> _TASK DETAILS_
Exact copy, pictures excluded: please retype the lines from the start of the material through the line containing "Easy Saucy Ramen Noodles", both ends included, and nothing more.
-----
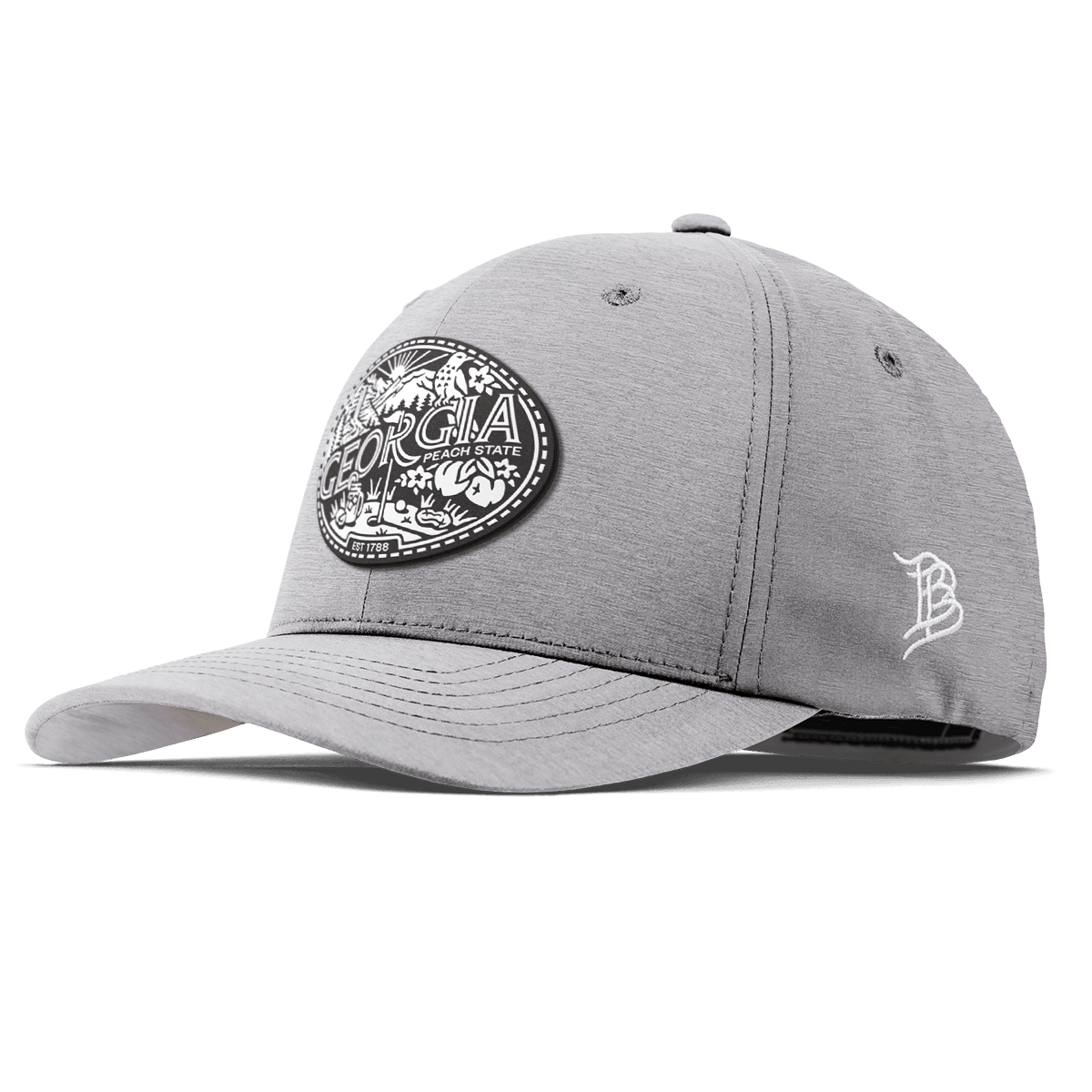 Georgia Traveler Flexfit Performance Fitted Heather Gray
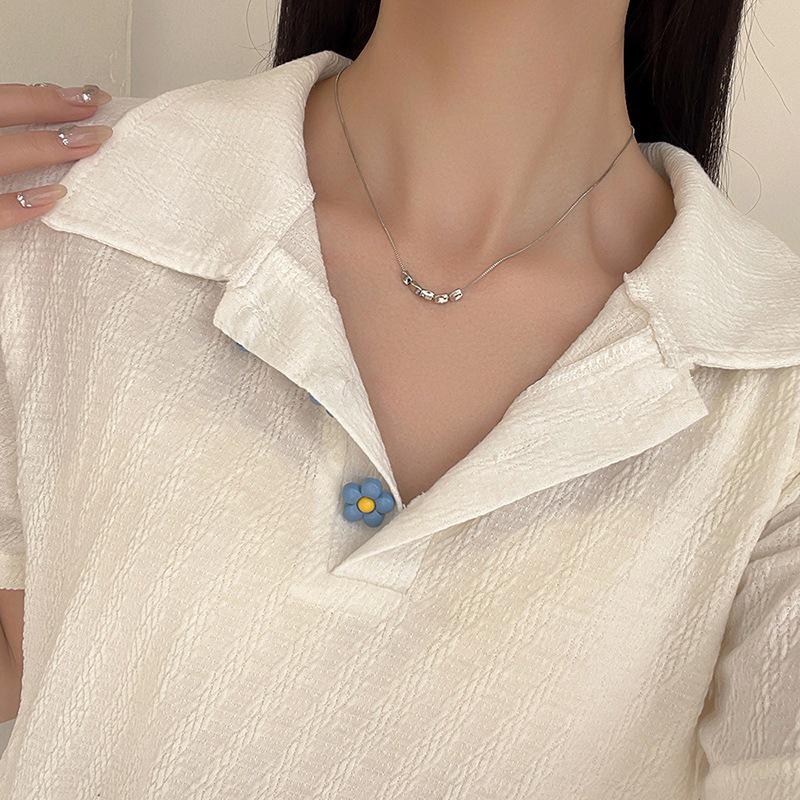 2025 Trendy Niche Beaded Necklace - Sweet, Pure, and Versatile High-End Style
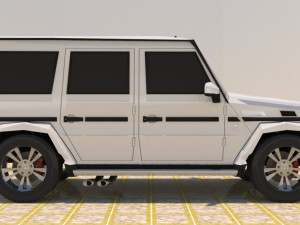 high poly mercedes benz g550 g-wagen 3D Model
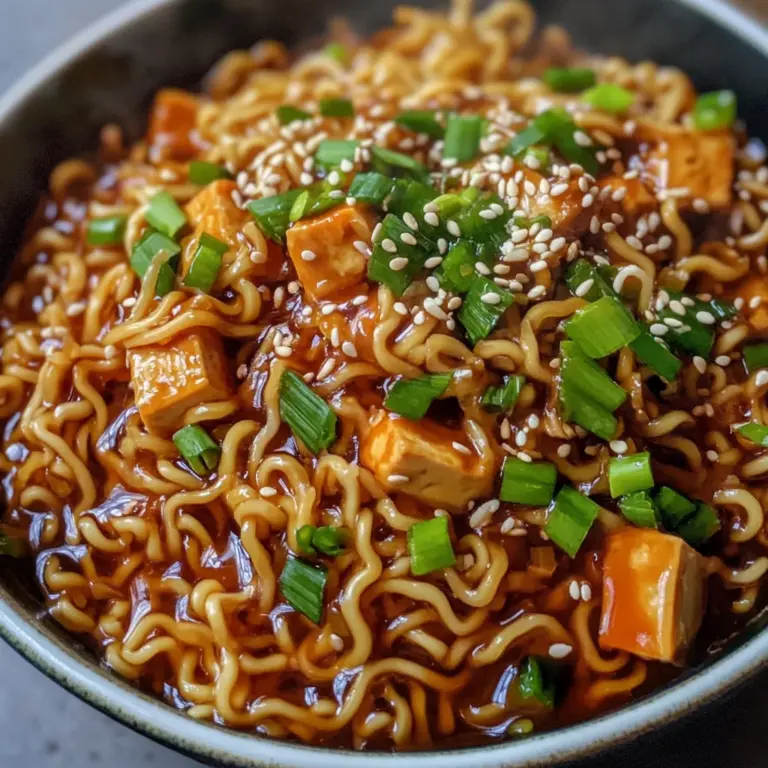 Easy Saucy Ramen Noodles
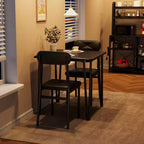 Table et chaises de cuisine pour 2 personnes, ensemble de table à manger petite et carrée avec 2 chaises rembourrées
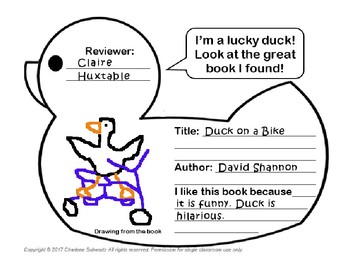 Preview of Duck Book Report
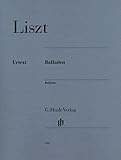 Balladen. Klavier: Instrumentation: Piano solo (G. Henle Urtext-Ausgabe) - Herausgeber: Ernst-Günter Heinemann, Rena Charnin Mueller Komponist: Franz Liszt Technischer Redakteur: Andreas Groethuysen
-----
> _ANSWER TO THIS TASK_
 Georgia Traveler Flexfit Performance Fitted Heather Gray
 2025 Trendy Niche Beaded Necklace - Sweet, Pure, and Versatile High-End Style
 high poly mercedes benz g550 g-wagen 3D Model
 Easy Saucy Ramen Noodles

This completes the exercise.